__Goal of the exercise__:
Restate all of the data exactly.

__Input data__:
····················
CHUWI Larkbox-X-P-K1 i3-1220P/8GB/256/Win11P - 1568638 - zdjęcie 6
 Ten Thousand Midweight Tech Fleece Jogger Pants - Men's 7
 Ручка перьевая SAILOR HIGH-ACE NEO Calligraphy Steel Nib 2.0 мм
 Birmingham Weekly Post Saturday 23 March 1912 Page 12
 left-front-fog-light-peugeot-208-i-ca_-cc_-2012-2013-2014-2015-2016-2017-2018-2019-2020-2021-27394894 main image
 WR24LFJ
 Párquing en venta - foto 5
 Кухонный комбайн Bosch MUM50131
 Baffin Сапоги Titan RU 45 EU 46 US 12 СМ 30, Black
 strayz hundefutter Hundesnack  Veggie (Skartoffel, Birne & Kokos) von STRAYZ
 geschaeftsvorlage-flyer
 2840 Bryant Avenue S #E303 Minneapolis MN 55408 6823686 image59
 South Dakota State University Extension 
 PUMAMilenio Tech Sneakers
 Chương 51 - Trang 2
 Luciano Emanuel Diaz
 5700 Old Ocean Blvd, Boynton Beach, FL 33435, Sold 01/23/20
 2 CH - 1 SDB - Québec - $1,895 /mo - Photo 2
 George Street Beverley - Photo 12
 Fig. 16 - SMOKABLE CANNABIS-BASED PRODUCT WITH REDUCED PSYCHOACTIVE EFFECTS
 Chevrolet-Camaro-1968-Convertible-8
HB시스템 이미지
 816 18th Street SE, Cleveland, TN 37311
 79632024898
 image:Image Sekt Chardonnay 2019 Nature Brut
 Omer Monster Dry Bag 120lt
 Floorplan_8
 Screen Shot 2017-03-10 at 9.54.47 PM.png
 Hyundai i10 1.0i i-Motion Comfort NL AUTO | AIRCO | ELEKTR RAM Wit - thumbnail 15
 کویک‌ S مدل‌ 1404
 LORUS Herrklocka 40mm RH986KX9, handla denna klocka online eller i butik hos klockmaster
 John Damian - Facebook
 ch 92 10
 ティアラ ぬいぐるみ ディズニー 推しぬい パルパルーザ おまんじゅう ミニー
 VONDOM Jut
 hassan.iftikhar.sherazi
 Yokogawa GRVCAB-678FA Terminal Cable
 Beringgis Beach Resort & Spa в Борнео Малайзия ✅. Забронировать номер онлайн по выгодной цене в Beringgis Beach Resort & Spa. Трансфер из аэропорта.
····················
__Exercise response__:
CHUWI Larkbox-X-P-K1 i3-1220P/8GB/256/Win11P - 1568638 - zdjęcie 6
 Ten Thousand Midweight Tech Fleece Jogger Pants - Men's 7
 Ручка перьевая SAILOR HIGH-ACE NEO Calligraphy Steel Nib 2.0 мм
 Birmingham Weekly Post Saturday 23 March 1912 Page 12
 left-front-fog-light-peugeot-208-i-ca_-cc_-2012-2013-2014-2015-2016-2017-2018-2019-2020-2021-27394894 main image
 WR24LFJ
 Párquing en venta - foto 5
 Кухонный комбайн Bosch MUM50131
 Baffin Сапоги Titan RU 45 EU 46 US 12 СМ 30, Black
 strayz hundefutter Hundesnack  Veggie (Skartoffel, Birne & Kokos) von STRAYZ
 geschaeftsvorlage-flyer
 2840 Bryant Avenue S #E303 Minneapolis MN 55408 6823686 image59
 South Dakota State University Extension 
 PUMAMilenio Tech Sneakers
 Chương 51 - Trang 2
 Luciano Emanuel Diaz
 5700 Old Ocean Blvd, Boynton Beach, FL 33435, Sold 01/23/20
 2 CH - 1 SDB - Québec - $1,895 /mo - Photo 2
 George Street Beverley - Photo 12
 Fig. 16 - SMOKABLE CANNABIS-BASED PRODUCT WITH REDUCED PSYCHOACTIVE EFFECTS
 Chevrolet-Camaro-1968-Convertible-8
HB시스템 이미지
 816 18th Street SE, Cleveland, TN 37311
 79632024898
 image:Image Sekt Chardonnay 2019 Nature Brut
 Omer Monster Dry Bag 120lt
 Floorplan_8
 Screen Shot 2017-03-10 at 9.54.47 PM.png
 Hyundai i10 1.0i i-Motion Comfort NL AUTO | AIRCO | ELEKTR RAM Wit - thumbnail 15
 کویک‌ S مدل‌ 1404
 LORUS Herrklocka 40mm RH986KX9, handla denna klocka online eller i butik hos klockmaster
 John Damian - Facebook
 ch 92 10
 ティアラ ぬいぐるみ ディズニー 推しぬい パルパルーザ おまんじゅう ミニー
 VONDOM Jut
 hassan.iftikhar.sherazi
 Yokogawa GRVCAB-678FA Terminal Cable
 Beringgis Beach Resort & Spa в Борнео Малайзия ✅. Забронировать номер онлайн по выгодной цене в Beringgis Beach Resort & Spa. Трансфер из аэропорта.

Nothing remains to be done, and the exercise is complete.